**What you will do**
In this exercise, print only the lines from the line with "MNC870133820 - McLAREN" to the last line of the data below, inclusive. Any pictures should be left out.

**Data below**

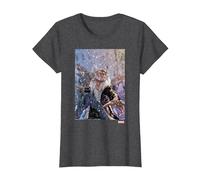 Marvel X-Men Sabretooth Dogs T-Shirt, Femme, Chiné Foncé, S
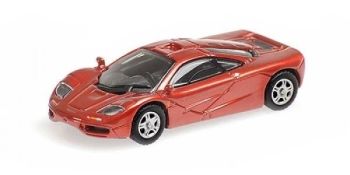 MNC870133820 - McLAREN F1 Roadcar Rojo metalizado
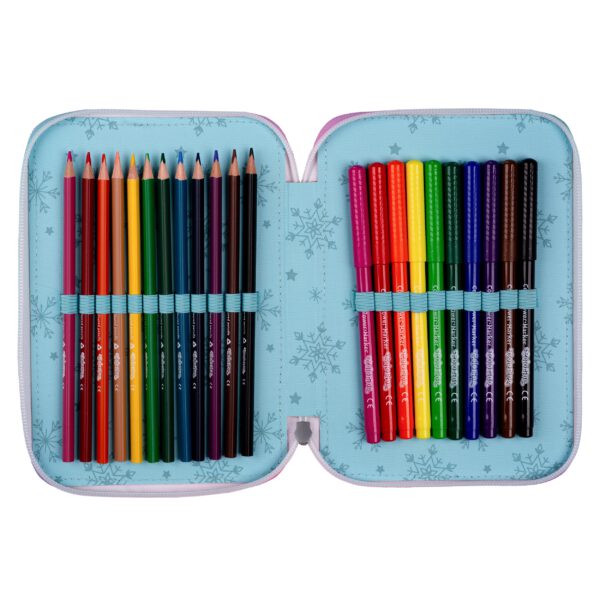 CoolPack XL-Etui gefüllt mit McAddy, 2-Zip, DISNEY - FROZEN -Kollektion 2025- – Bild 3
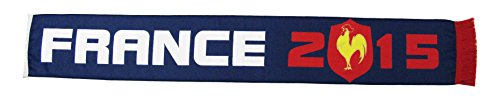 XV de France Lffrech015030 Echarpe Mixte, Bleu, FR Fabricant : Taille Unique Cover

**Solution for this task**
 MNC870133820 - McLAREN F1 Roadcar Rojo metalizado
 CoolPack XL-Etui gefüllt mit McAddy, 2-Zip, DISNEY - FROZEN -Kollektion 2025- – Bild 3
 XV de France Lffrech015030 Echarpe Mixte, Bleu, FR Fabricant : Taille Unique Cover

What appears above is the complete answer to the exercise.